Given information:
══════

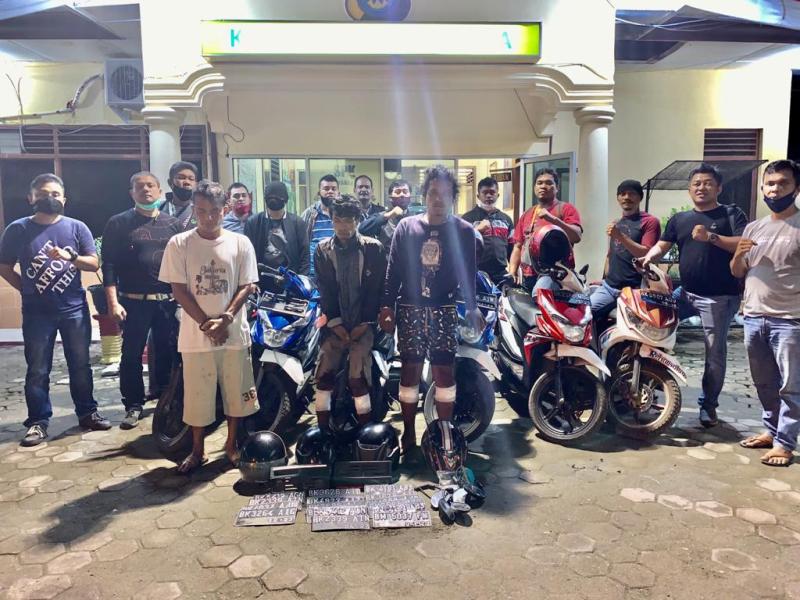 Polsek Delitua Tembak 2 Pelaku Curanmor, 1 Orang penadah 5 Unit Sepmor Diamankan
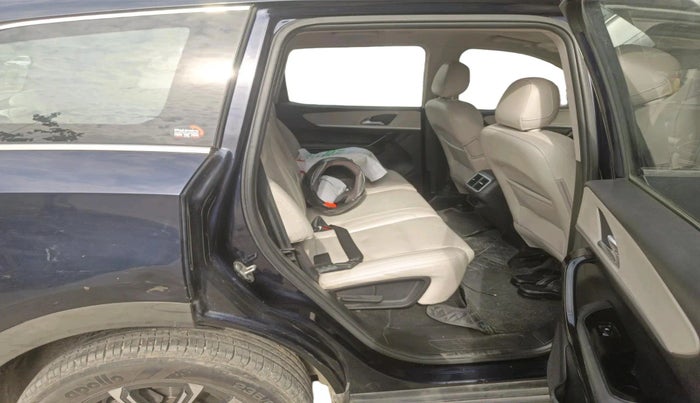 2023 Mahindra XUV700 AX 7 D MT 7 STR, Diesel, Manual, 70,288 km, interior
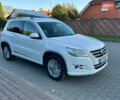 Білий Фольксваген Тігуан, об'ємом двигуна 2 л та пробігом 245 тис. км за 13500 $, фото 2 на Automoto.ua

══════

Produce an exact copy of each line of data, skipping embedded images.

The answer:
 Polsek Delitua Tembak 2 Pelaku Curanmor, 1 Orang penadah 5 Unit Sepmor Diamankan
 2023 Mahindra XUV700 AX 7 D MT 7 STR, Diesel, Manual, 70,288 km, interior
 Білий Фольксваген Тігуан, об'ємом двигуна 2 л та пробігом 245 тис. км за 13500 $, фото 2 на Automoto.ua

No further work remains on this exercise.